Enhanced magnetic and room temperature intrinsic magnetodielectric effect in Mn modified Ba2Mg2Fe12O22 Y-type hexaferrite

Abstract

We have reported a systematic investigation on structural, magnetic, magnetodielectric and magnetoimpedance characteristics of Y-type Ba2Mg2(Fe1−xMnx)12O22 (0 ⩽ x ⩽ 0.12) hexaferrite synthesized by solid-state reaction route. Rietveld refinement of x-ray diffraction pattern confirms the phase purity of all the samples with rhombohedral crystal structure. The Mn dopant modulates not only superexchange angle near to the boundary of magnetic blocks but also magnetic transition temperature. Temperature-dependent magnetization data suggests that due to Mn doping at Fe sites, ferrimagnetic to proper screw transition temperature (TII) increases from 190 K to 208 K, while there is a decrease in proper screw to longitudinal conical spin transition temperature (TI) from 35 K to 25 K. We observe remarkable decrease in the magnetic field from 20 kOe to 12 kOe to produce intermediate spin ordering from ferrimagnetic ordering which can be understood because of modification of superexchange angle due to Mn doping.
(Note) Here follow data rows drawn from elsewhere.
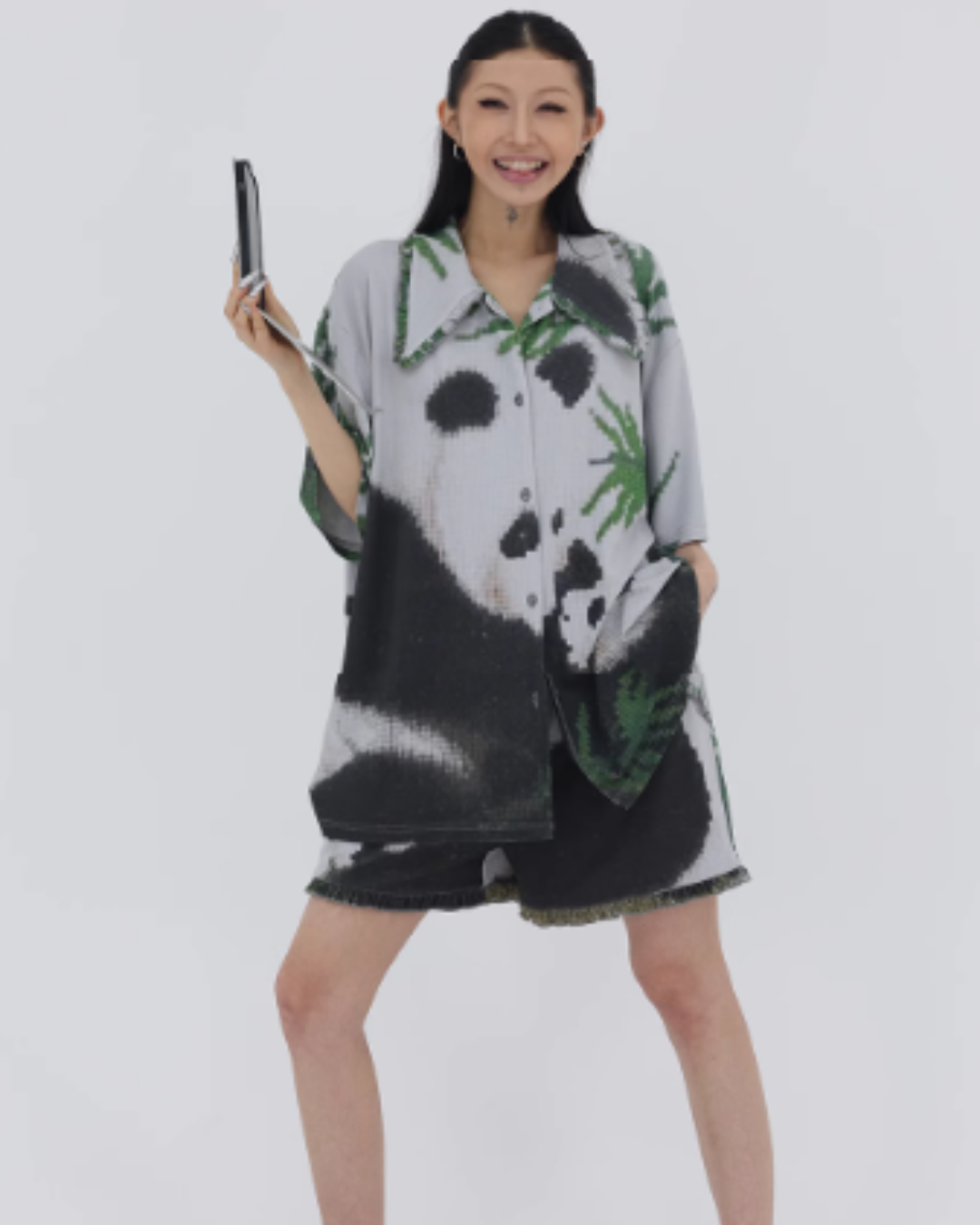 Panda Printed Loungewear / Short / Long Pants FZK0082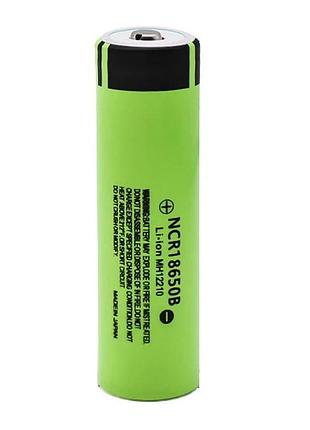Защищенный li-ion аккумулятор panasonic ncr18650b 3400 mah для фонарей и электроники аккумулятор с защит dm-11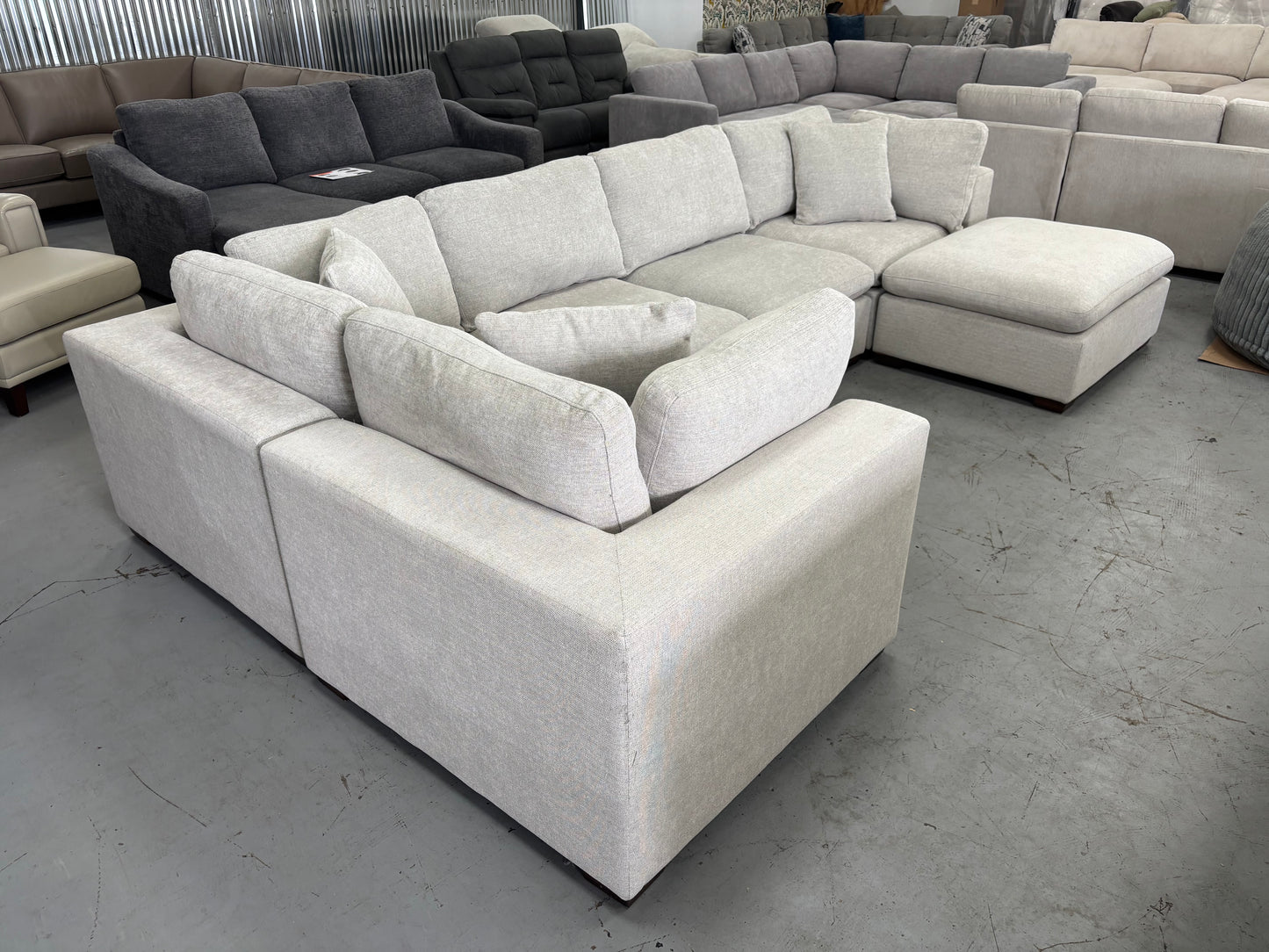 Gray Modular Sectional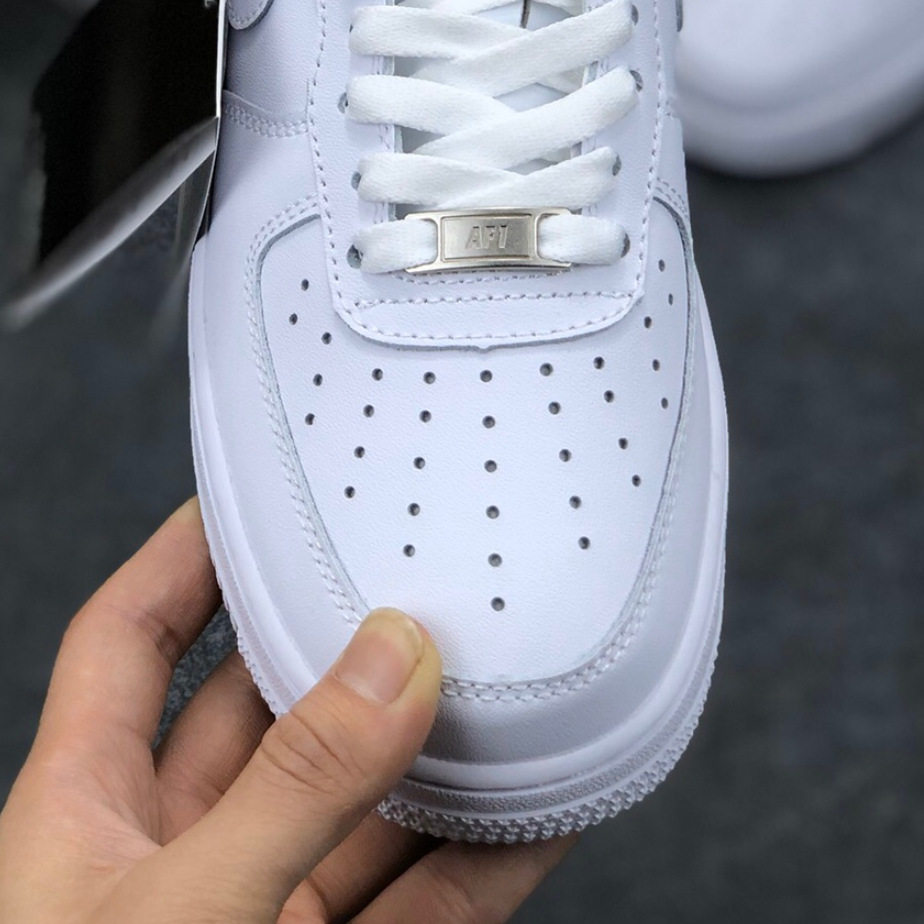 正品空军一号男鞋aj1运动板鞋女af1纯白低帮夏季板鞋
The value of loss tangent decreases with increasing doping concentration at 300K, i.e. ~60% and 180% in BMFM4 (x = 0.04) and BMFM8 (x = 0.08) respectively as compared to BMF, suggesting the evolution of intrinsic feature in the doped samples. Magnetodielectric (MD) effect shows that in the low-frequency regime, the robust MD effect is because of Maxwell–Wagner interfacial polarization, whereas in the high-frequency regime intrinsic effect dominates. Further, magnetoimpedance measurement confirms the presence of substantial intrinsic MD% (~6%) at 1.3 T applied field at 300 K for 4% Mn-doped sample. Finally, the nature and strength of magnetoelectric coupling in BMFM4 and BMFM8 samples at 300 K is found to be biquadratic (P2M2) and maximum strength of coupling is 3.09 × 10−4 emu2 g−2 and 2.34 × 10−4 emu2 g−2, respectively.